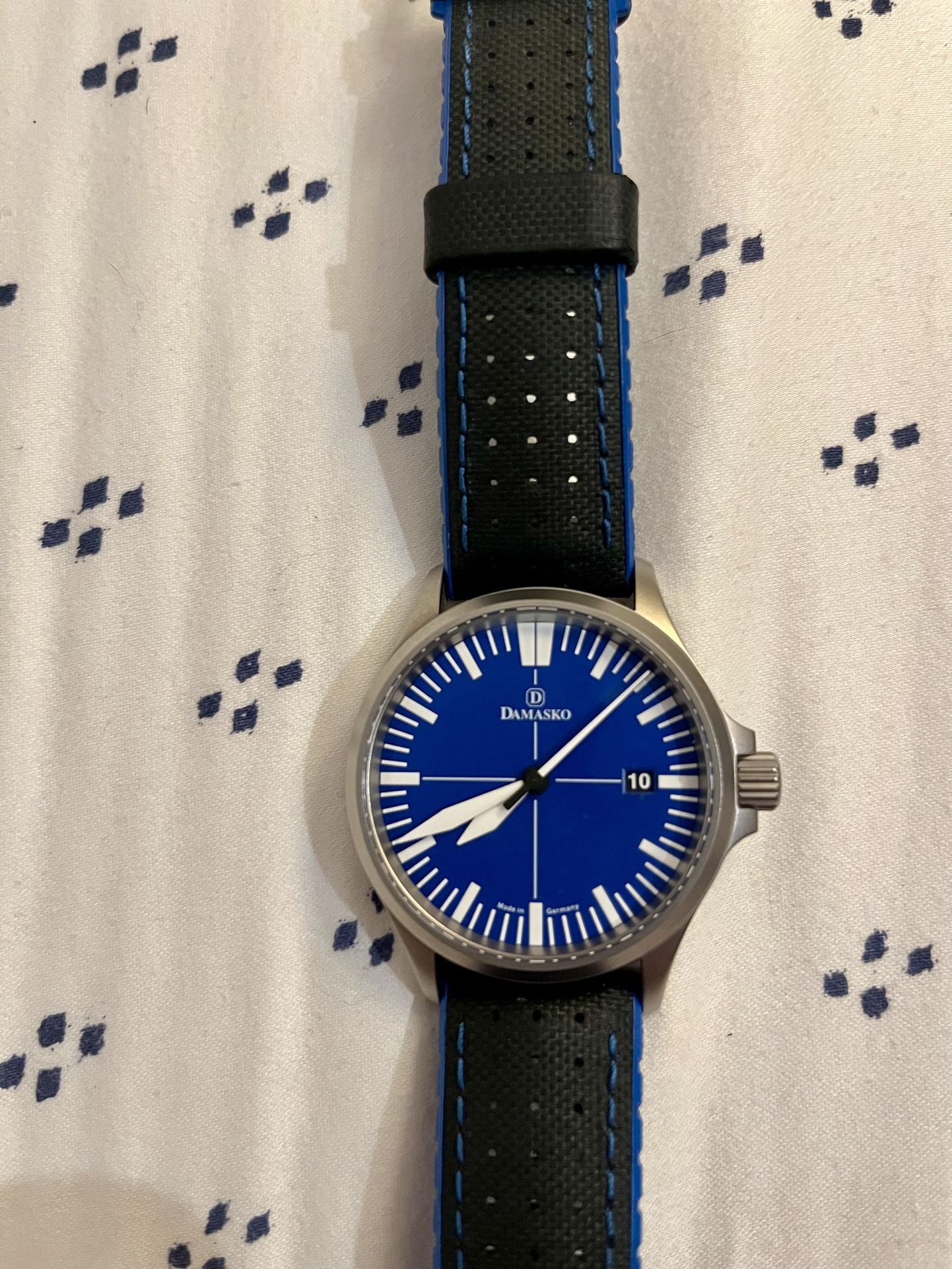 Damasko Swiss DS30 Blue Dial Automatic Watch with a 39mm Bead-Blasted Submarine Steel Case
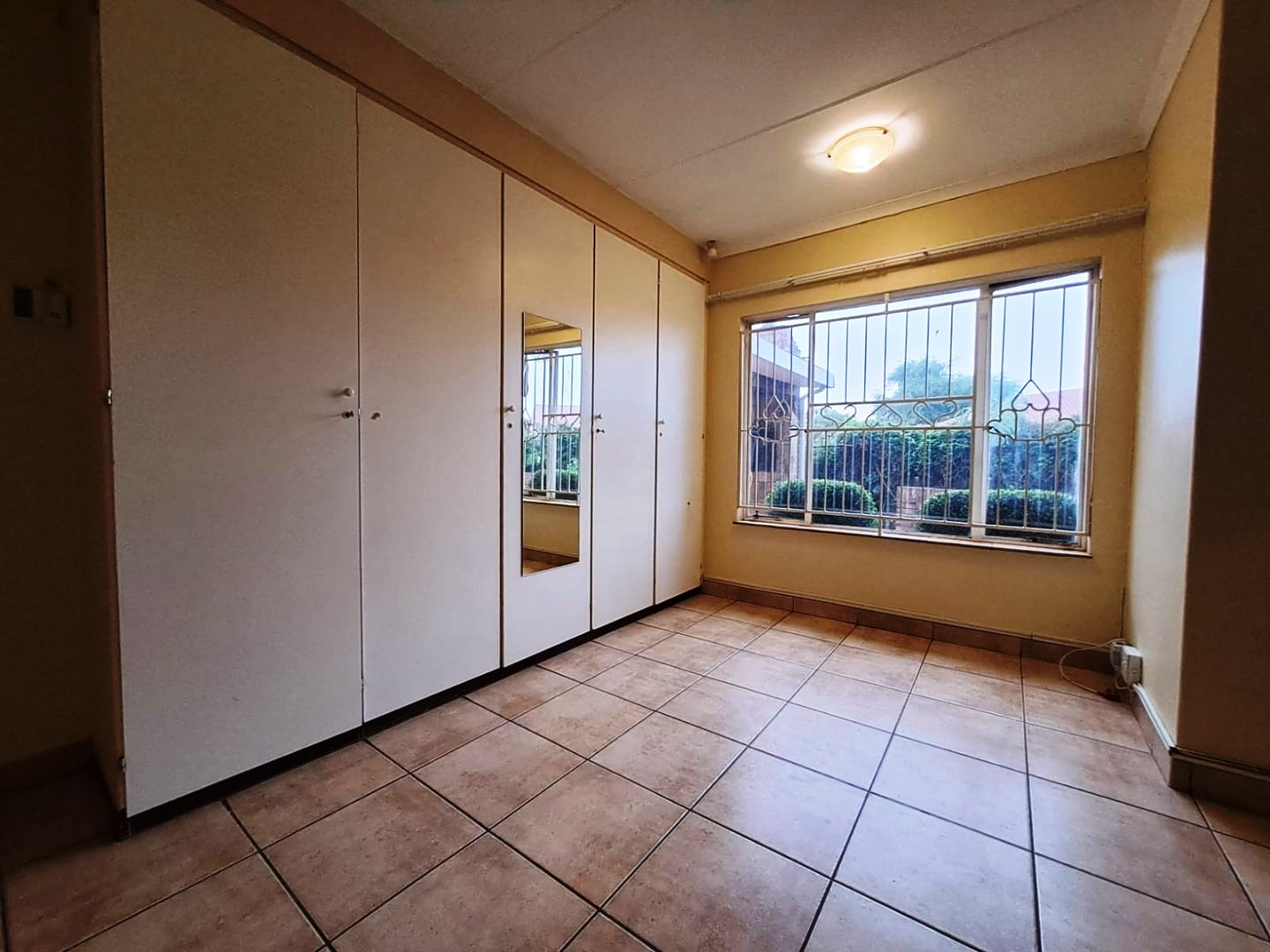 Four bedroom townhouse for sale in Wonderboom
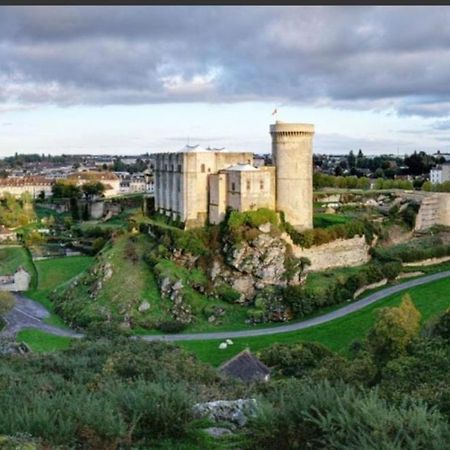 La Chambre Des Remparts Falaise  Eksteriør billede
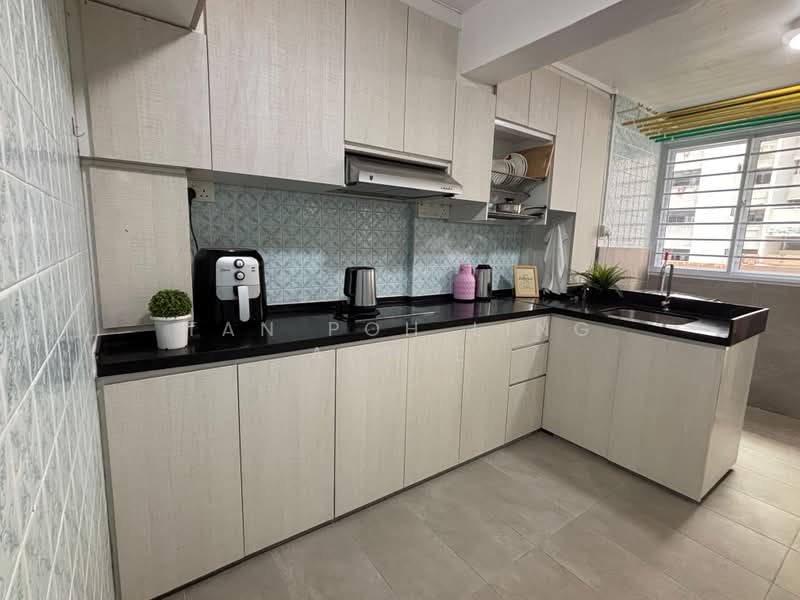 3 Dover Road, 3 Dover Road, 2 Bedrooms, 699 sqft, HDB Flat For Rent, by Tan Poh Ling Annie, 500136533 - Kitchen - PropertyGuru.com.sg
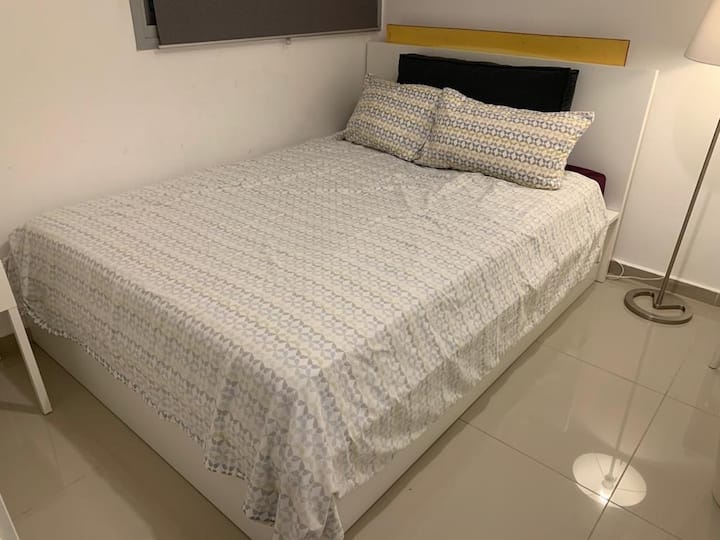 ห้องนอนเตียงใหญ่ห้องที่ 3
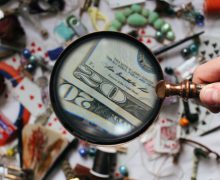 În această dimineață, ofițerii din cadrul Procuraturii Anticorupție, în comun cu ofițerii Centrului Național Anticorupție, au descins cu percheziții în mai multe locații din țară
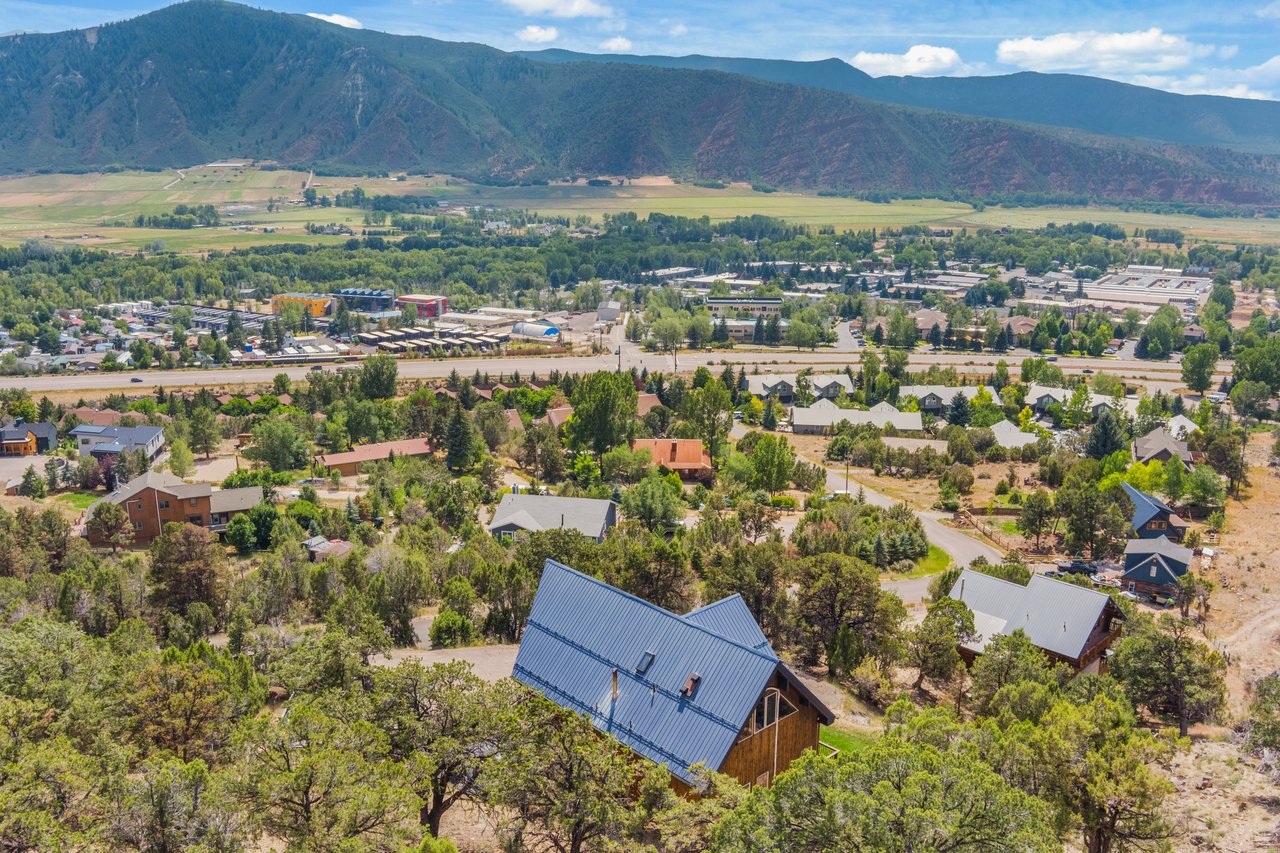 Centrally Located Mountain Chalet in Basalt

════

* EXERCISE REQUIREMENTS
Because the pictures are not wanted, retype every record exactly without them.

* SOLVED EXERCISE
 Damasko Swiss DS30 Blue Dial Automatic Watch with a 39mm Bead-Blasted Submarine Steel Case
 Four bedroom townhouse for sale in Wonderboom
 La Chambre Des Remparts Falaise  Eksteriør billede
 3 Dover Road, 3 Dover Road, 2 Bedrooms, 699 sqft, HDB Flat For Rent, by Tan Poh Ling Annie, 500136533 - Kitchen - PropertyGuru.com.sg
 ห้องนอนเตียงใหญ่ห้องที่ 3
 În această dimineață, ofițerii din cadrul Procuraturii Anticorupție, în comun cu ofițerii Centrului Național Anticorupție, au descins cu percheziții în mai multe locații din țară
 Centrally Located Mountain Chalet in Basalt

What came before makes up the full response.